Gizmorama - December 30, 2013
Good Morning, When I read this - "Computers doing "approximate computing" for tasks not requiring perfect accuracy could double efficiency and reduce energy consumption..." - all I could think about was that if things weren't bad enough now our computers are getting lazy.
Learn about these interesting stories from the scientific community in today's issue.
Until Next Time,
Erin ****-- 'Approximate' computers could do tasks not requiring exact answers --*WEST LAFAYETTE, Ind. - Computers doing "approximate computing" for tasks not requiring perfect accuracy could double efficiency and reduce energy consumption, U.S. scientists say. Such computers could run a growing number of applications designed to tolerate "noisy" real-world inputs and use statistical or probabilistic types of computations, computer engineers at Purdue University said. "The need for approximate computing is driven by two factors: a fundamental shift in the nature of computing workloads, and the need for new sources of efficiency," said researcher Anand Raghunathan. "Computers were first designed to be precise calculators that solved problems where they were expected to produce an exact numerical value," he said. "However, the demand for computing today is driven by very different applications." Current computers are designed to compute precise results even when it is not necessary, the researchers said, whereas approximate computing could endow computers with a capability similar to the human brain's ability to scale the degree of accuracy needed for a given task. "If I asked you to divide 500 by 21 and I asked you whether the answer is greater than one, you would say yes right away," Raghunathan said. "You are doing division but not to the full accuracy. If I asked you whether it is greater than 30, you would probably take a little longer, but if I ask you if it's greater than 23, you might have to think even harder. "The application context dictates different levels of effort, and humans are capable of this scalable approach, but computer software and hardware are not like that." Purdue researchers said they're working on a range of hardware techniques to demonstrate approximate computing, showing a potential for improvements in energy efficiency.
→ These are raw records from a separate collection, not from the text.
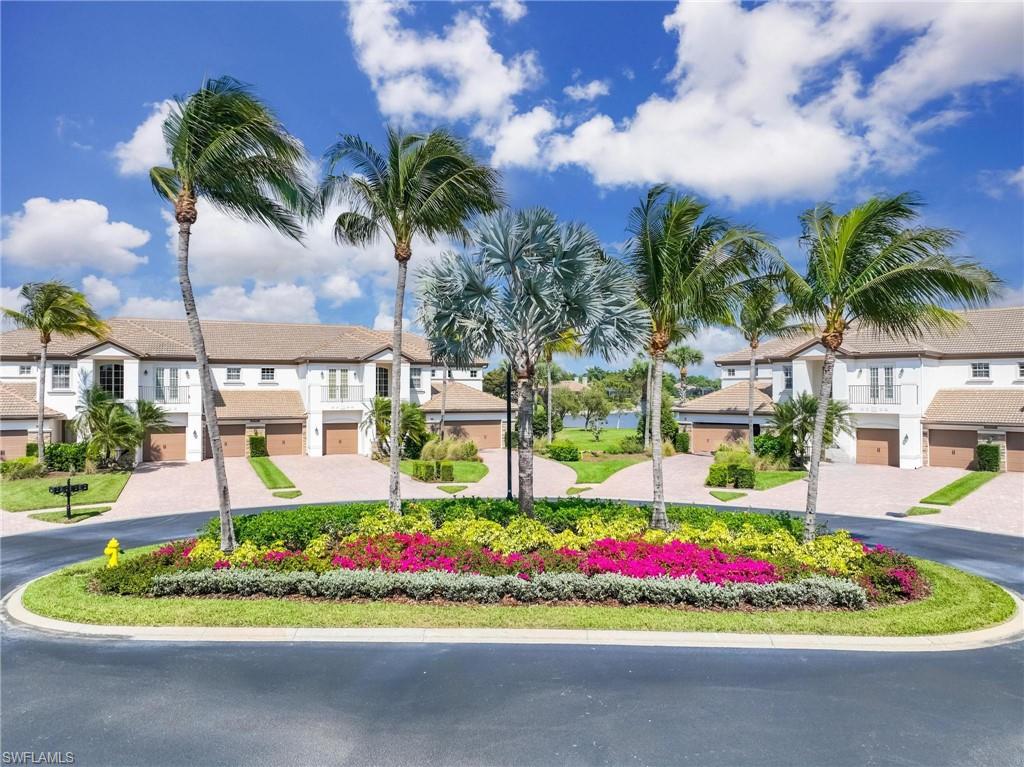 8040 Players Cove Dr 102 Property Photo 41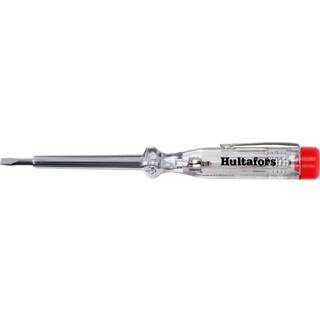 Hultafors 448105 Polsøger 120-250V HVT 3x65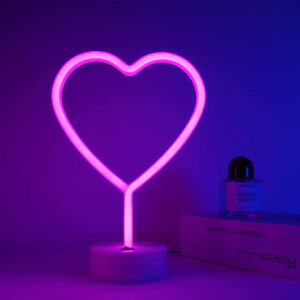 lITC lICg lILEDCg CeA iCgCg tUSB/dr Q ͋C LbY 킢  ՂaMtg  NX}X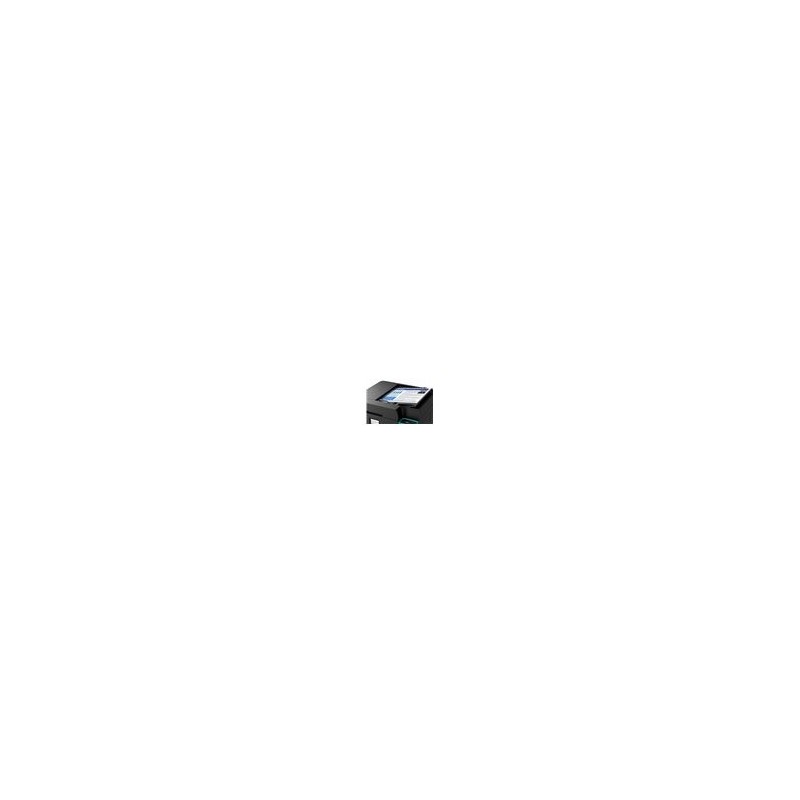 EPSON EcoTank L6390 MFP Black 35/23ppm A4 Wi-fi Duplex All-In-One Ink Tank Print Scan Copy EPSON EcoTank L6390 MFP Black 35/23ppm A4 Wi-fi Duplex All-In-One Ink Tank Print Scan Copy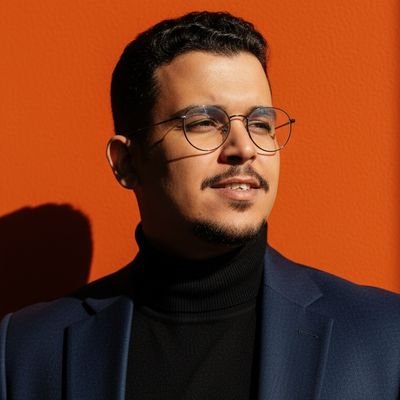 ambition_nh's profile picture. شاب طموح-لا مستحيل -ثقتي بالله عاليه - أحلم أني احقق اهدافي وطموحاتي - شعاري دائمًا ((أصنع حياتك لا لليأس)) ((أن بعد العسر يسرا))Not to Despair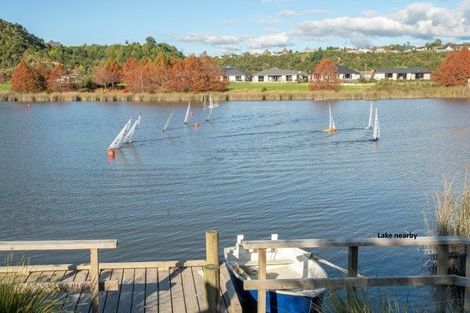 Photo of property in 70 Landing Drive, Pyes Pa, Tauranga, 3112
*-- Fossil is earliest evidence of human hand evolution for tool use --*FAYETTEVILLE, Ark. - A hand bone from an early human ancestor found in East Africa shows the earliest evidence of a structural feature related to tool use, anthropologists say. Dated to 1.42 million years old, the bone from the early hominin Australopithecus anamensis suggests a distinctive feature of modern hands evolved more than a half million years earlier than previously thought, scientists at the University of Arkansas, Fayetteville, said Monday. "Modern human hands are specialized to hold tools, but hand bones are difficult to find, and we haven't known when modern human hands developed," anthropology Professor J. Michael Plavcan said. "With this discovery, we have the earliest evidence of the structural changes of the hand that are associated with tool use." The third metacarpal bone, discovered in Kenya, displayed a styloid process, a curved projection at the end of the bone important to a hand that uses tools with both dexterity and precision, the researcher said. While stone tools date back at least 2.58 million years, until this discovery the earliest evidence of structural characteristics related to tool use dated back just 800,000 years, they said. "There's still a huge gap in our understanding of the evolution of the hand," Plavcan said. "We need to find even earlier bones to determine just when structural features of the hand appeared."